=== Task objective ===
Repeat the entries verbatim.

=== Data for processing ===

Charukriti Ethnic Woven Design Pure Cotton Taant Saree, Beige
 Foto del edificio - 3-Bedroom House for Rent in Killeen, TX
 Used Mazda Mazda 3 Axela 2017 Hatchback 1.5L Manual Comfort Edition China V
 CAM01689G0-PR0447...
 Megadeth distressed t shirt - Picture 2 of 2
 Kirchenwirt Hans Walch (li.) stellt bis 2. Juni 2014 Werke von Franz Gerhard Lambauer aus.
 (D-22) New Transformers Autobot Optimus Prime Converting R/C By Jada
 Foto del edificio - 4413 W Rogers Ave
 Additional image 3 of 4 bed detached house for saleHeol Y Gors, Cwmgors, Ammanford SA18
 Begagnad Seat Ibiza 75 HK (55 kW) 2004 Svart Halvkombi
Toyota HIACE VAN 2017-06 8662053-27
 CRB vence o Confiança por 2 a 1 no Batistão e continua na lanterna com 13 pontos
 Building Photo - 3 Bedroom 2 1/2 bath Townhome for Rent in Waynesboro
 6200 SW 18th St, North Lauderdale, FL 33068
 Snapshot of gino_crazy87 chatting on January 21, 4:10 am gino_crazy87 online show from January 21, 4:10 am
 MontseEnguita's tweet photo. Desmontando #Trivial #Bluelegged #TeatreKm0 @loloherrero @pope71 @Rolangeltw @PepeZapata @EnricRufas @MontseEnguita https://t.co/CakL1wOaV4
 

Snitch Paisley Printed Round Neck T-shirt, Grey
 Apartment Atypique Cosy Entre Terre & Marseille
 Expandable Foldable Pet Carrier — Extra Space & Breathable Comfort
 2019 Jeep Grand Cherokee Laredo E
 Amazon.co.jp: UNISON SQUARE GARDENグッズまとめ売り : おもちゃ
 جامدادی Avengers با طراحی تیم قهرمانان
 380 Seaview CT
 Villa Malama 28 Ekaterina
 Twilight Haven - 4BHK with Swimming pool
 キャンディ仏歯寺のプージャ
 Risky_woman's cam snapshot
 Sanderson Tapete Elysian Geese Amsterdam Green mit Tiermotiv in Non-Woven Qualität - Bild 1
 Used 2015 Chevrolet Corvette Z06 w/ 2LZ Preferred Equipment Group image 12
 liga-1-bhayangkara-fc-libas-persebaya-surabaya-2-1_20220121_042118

=== Your solution ===
Charukriti Ethnic Woven Design Pure Cotton Taant Saree, Beige
 Foto del edificio - 3-Bedroom House for Rent in Killeen, TX
 Used Mazda Mazda 3 Axela 2017 Hatchback 1.5L Manual Comfort Edition China V
 CAM01689G0-PR0447...
 Megadeth distressed t shirt - Picture 2 of 2
 Kirchenwirt Hans Walch (li.) stellt bis 2. Juni 2014 Werke von Franz Gerhard Lambauer aus.
 (D-22) New Transformers Autobot Optimus Prime Converting R/C By Jada
 Foto del edificio - 4413 W Rogers Ave
 Additional image 3 of 4 bed detached house for saleHeol Y Gors, Cwmgors, Ammanford SA18
 Begagnad Seat Ibiza 75 HK (55 kW) 2004 Svart Halvkombi
Toyota HIACE VAN 2017-06 8662053-27
 CRB vence o Confiança por 2 a 1 no Batistão e continua na lanterna com 13 pontos
 Building Photo - 3 Bedroom 2 1/2 bath Townhome for Rent in Waynesboro
 6200 SW 18th St, North Lauderdale, FL 33068
 Snapshot of gino_crazy87 chatting on January 21, 4:10 am gino_crazy87 online show from January 21, 4:10 am
 MontseEnguita's tweet photo. Desmontando #Trivial #Bluelegged #TeatreKm0 @loloherrero @pope71 @Rolangeltw @PepeZapata @EnricRufas @MontseEnguita https://t.co/CakL1wOaV4
 

Snitch Paisley Printed Round Neck T-shirt, Grey
 Apartment Atypique Cosy Entre Terre & Marseille
 Expandable Foldable Pet Carrier — Extra Space & Breathable Comfort
 2019 Jeep Grand Cherokee Laredo E
 Amazon.co.jp: UNISON SQUARE GARDENグッズまとめ売り : おもちゃ
 جامدادی Avengers با طراحی تیم قهرمانان
 380 Seaview CT
 Villa Malama 28 Ekaterina
 Twilight Haven - 4BHK with Swimming pool
 キャンディ仏歯寺のプージャ
 Risky_woman's cam snapshot
 Sanderson Tapete Elysian Geese Amsterdam Green mit Tiermotiv in Non-Woven Qualität - Bild 1
 Used 2015 Chevrolet Corvette Z06 w/ 2LZ Preferred Equipment Group image 12
 liga-1-bhayangkara-fc-libas-persebaya-surabaya-2-1_20220121_042118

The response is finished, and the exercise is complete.